§ **Task item**: The listing below must be repeated word for word, without its pictures.
*** Opening Provided data ***
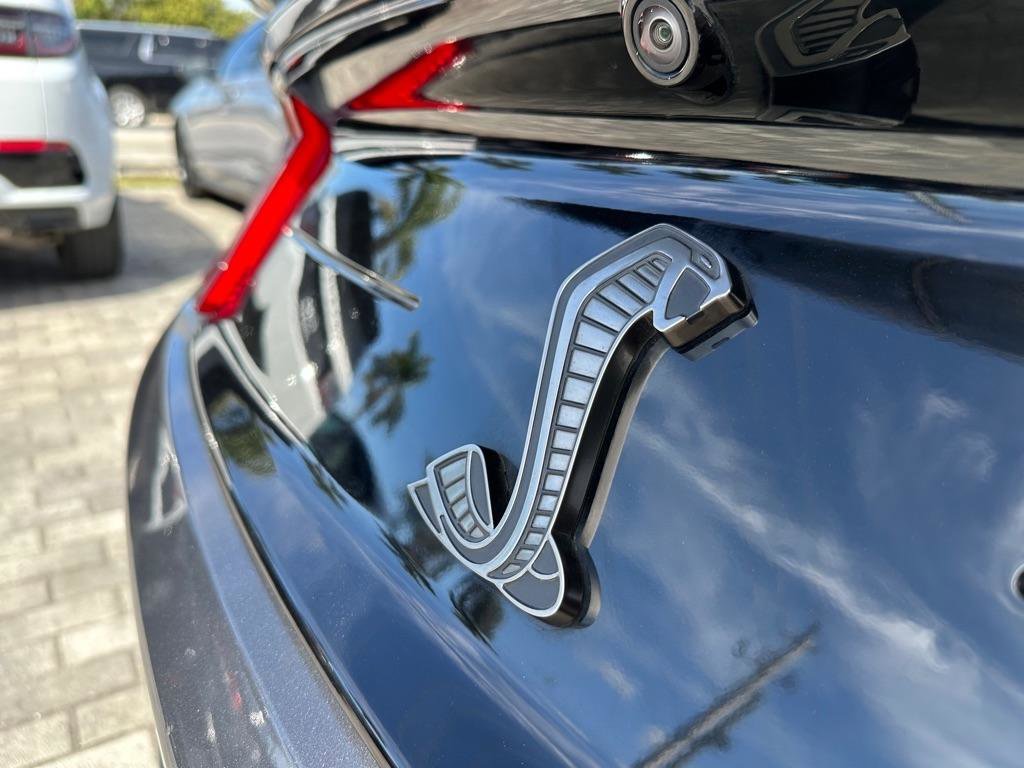 Used 2021 Ford Mustang Shelby GT500 w/ Technology Package image 10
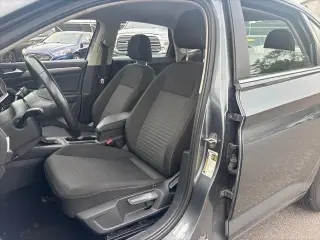 Volkswagen Jetta 2024 S 4 puertas Sedán 8A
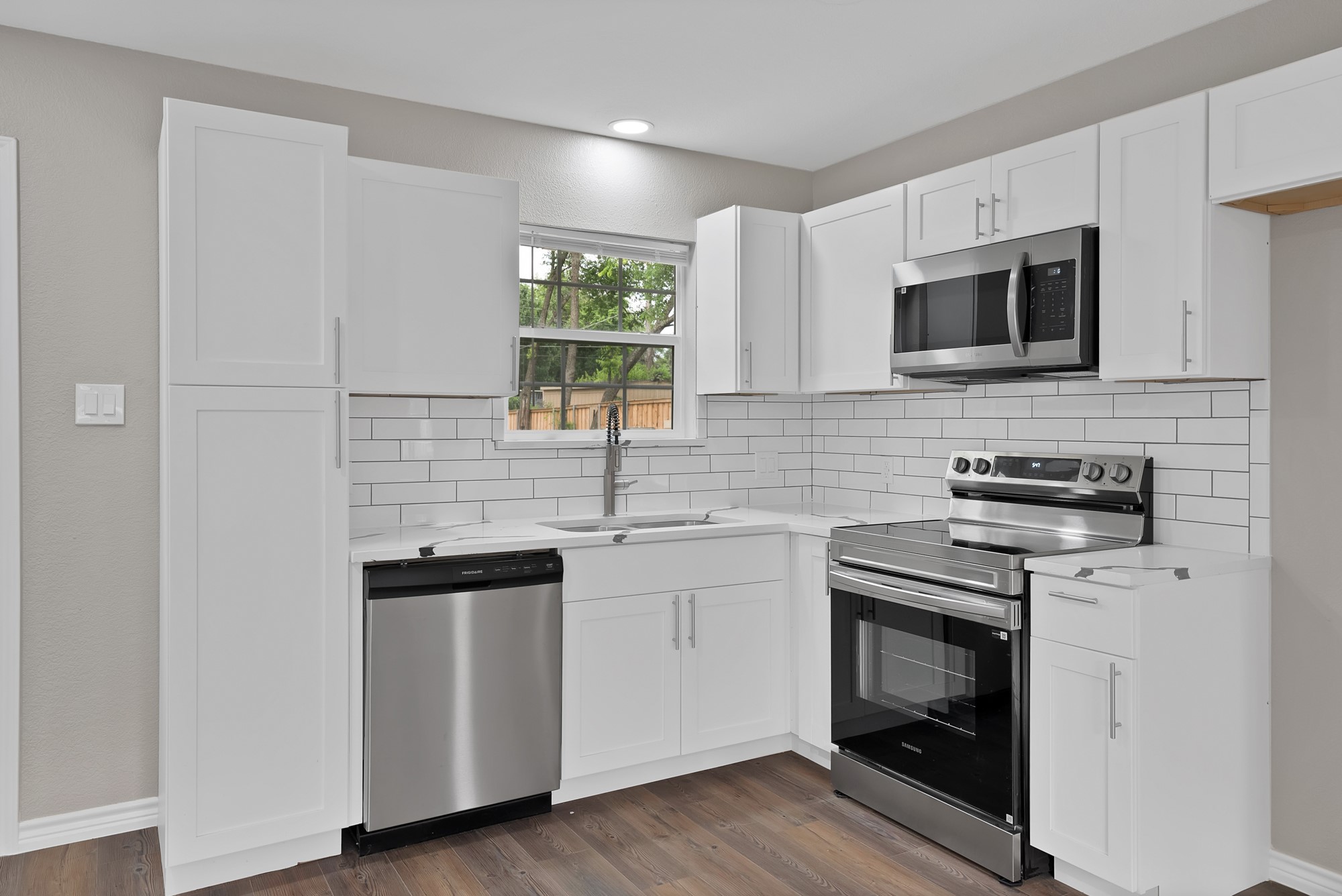 905 Skylark Drive Arlington TX 76010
*** Closing Provided data ***
§ **Solution to this exercise**:
 Used 2021 Ford Mustang Shelby GT500 w/ Technology Package image 10
 Volkswagen Jetta 2024 S 4 puertas Sedán 8A
 905 Skylark Drive Arlington TX 76010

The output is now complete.